Let $f \in C^0([0,1], \mathbb{R}_+^*)$
Compare $\int_0 ^1 \ln f \, dx$ and $\ln(\int_0^1 f \, dx)$
I think I have to use the Riemann sum so that's what I've tried:
$\frac{1}{n}\sum_{k=1}^n \ln f(\frac{k}{n}) \rightarrow \int_0^1\ln f(x) dx$
$\ln (\frac{1}{n}\sum_{k=1}^n f(\frac{k}{n})) \rightarrow \ln \int_0^1 f(x) dx$
So now I should be able to compare both sums and then conclude. I'm now sure how to compare them though.

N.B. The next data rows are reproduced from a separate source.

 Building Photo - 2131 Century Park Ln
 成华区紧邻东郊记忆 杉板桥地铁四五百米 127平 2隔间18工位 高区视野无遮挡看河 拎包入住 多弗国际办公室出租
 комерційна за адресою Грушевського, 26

Any idea?
On
The function $g(t)=\log t$ is a concave function since $g''(t)=-\frac1{t^2}<0$, so for every convex combination $\sum_{k=1}^n\theta_k=1$, where $\theta_k\ge 0$, and for all $t_k>0$, $k=1,\dots, n$, you have $$\log\left(\sum_{k=1}^n\theta_kt_k\right)\ge \sum_{k=1}^n\theta_k\log t_k.$$ Use this inequality and Riemann sums.
Consider any grid $\{a_1,\ldots,a_n\}$ over $[0,1]$. Then
$$ \frac{1}{n} \sum \log a_i = \log (\sqrt[n]{\Pi a_i}) \le \log (\frac{1}{n}\sum a_i) $$
Where the inequality follows from the AM-GM and $\log$ being a monotonically increasing function.